- Born: 1833 Uplyme, Devonshire
- Died: 7 December 1914 (aged 80–81) Hazelwood, Budleigh Salterton, Devonshire
- Allegiance: United Kingdom
- Branch: British Army
- Service years: 1852 - 1887
- Rank: Major General
- Unit: 21st Regiment of Foot
- Conflicts: Crimean War Siege of Sevastopol Battle of the Alma Battle of Inkerman Battle of the Great Redan Battle of Kinburn (1855) Battle of Balaclava
- Awards: Legion of Honour, 5th Class

= Alfred Templeman =

British general

Major-General Alfred Templeman (1833 – 7 December 1914) was a career officer in the British Army, serving for 35 years and taking part in many of the major actions of the Crimean War. He was educated at King's School, Bruton, and in 1874 he became a member of the United Service Club. He was also involved in horse racing, stewarding at least one race in Rangoon in 1869.

== Military service ==
Templeman purchased his commission of 2nd lieutenant in the 21st Regiment of Foot on 26 March 1852, and later the rank of lieutenant on 4 March 1853.

=== Crimean War ===
Templeman was present on the front lines of the Battle of Inkerman with the 21st as part of the Fourth Division and sustained minor injuries to the hand, being listed by Alexander Kinglake and acknowledged in the London Gazette. He went on to fight at Sevastopol and Balaclava, went on the expedition to Kinburn and was part of the attack on the Redan.

On 2 February 1855 he was promoted without purchase to the rank of captain.

For his service in Crimea he was awarded the Legion of Honour 5th Class by the Emperor of France on 2 August 1856, amongst other members of the British armed forces. He was also awarded the Crimea Medal with clasps for Alma, Balaklava, Inkermann and Sebastopol. He was in possession of a tailor's copy of a Turkish Crimea Medal of Sardinian issue - as many British-issue medals were lost in transit, it is to be assumed that he procured his own copy.

=== Further career ===
On the 5th of November 1857, Templeman was made Instructor of Musketry for his regiment.
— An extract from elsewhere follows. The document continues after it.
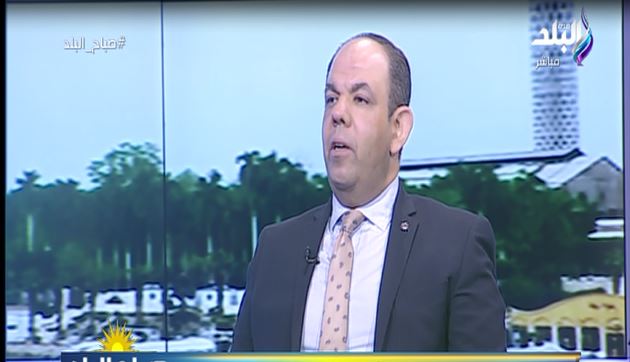 الدكتور أحمد سمير فرج 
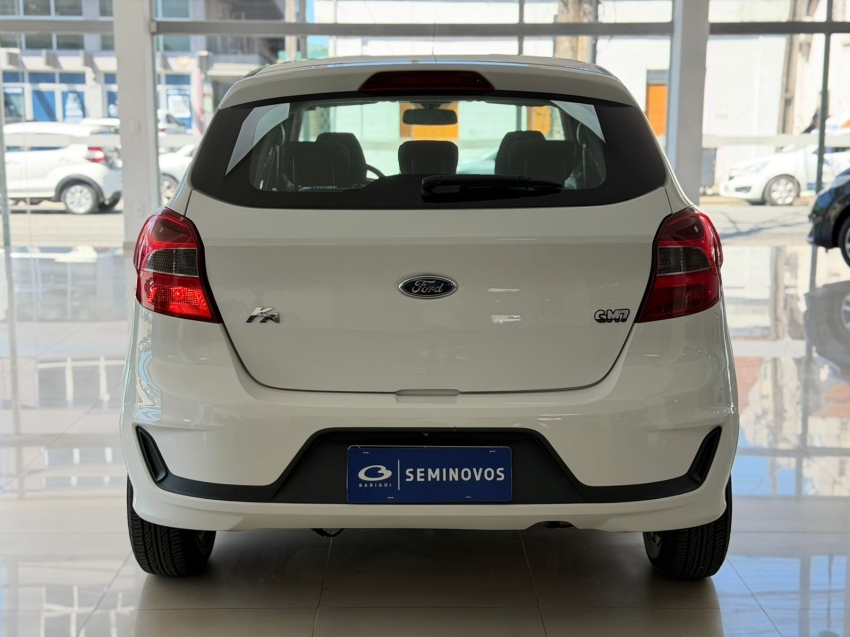 ford ka 1.0 se ha b flex 4p manual 20205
He was attached to the Second Battalion, and from 1859 was posted in multiple locations including Newport, Shorncliffe, Dublin, Carragh and Bellary, where he survived a cholera epidemic. He purchased the rank of major in February 1868, and in the same year his battalion marched from Secunderabad to Madras, embarking for Burma in October. He was made Brevet Lieutenant-Colonel on 15 March 1877, and then full Lieutenant-Colonel on 23 January 1878, taking command of the First Battalion. In 1878 he presented written testimony in the court martial of Lieutenant Lambart of his regiment. He was further promoted to colonel on 1 July 1881. Two years later, on 23 January 1883, he was placed on to half pay.

On 6 December 1887 it is recorded that he stepped down from the command of the 91st Regimental District at Stirling Castle (Princess Louise's Argyll and Sutherland Highlanders), whilst holding the rank of Honorary Major-General, and retired from the military.

== Legacy ==
A remembrance plaque to Templeman is at Auld Kirk of Ayr, Scotland.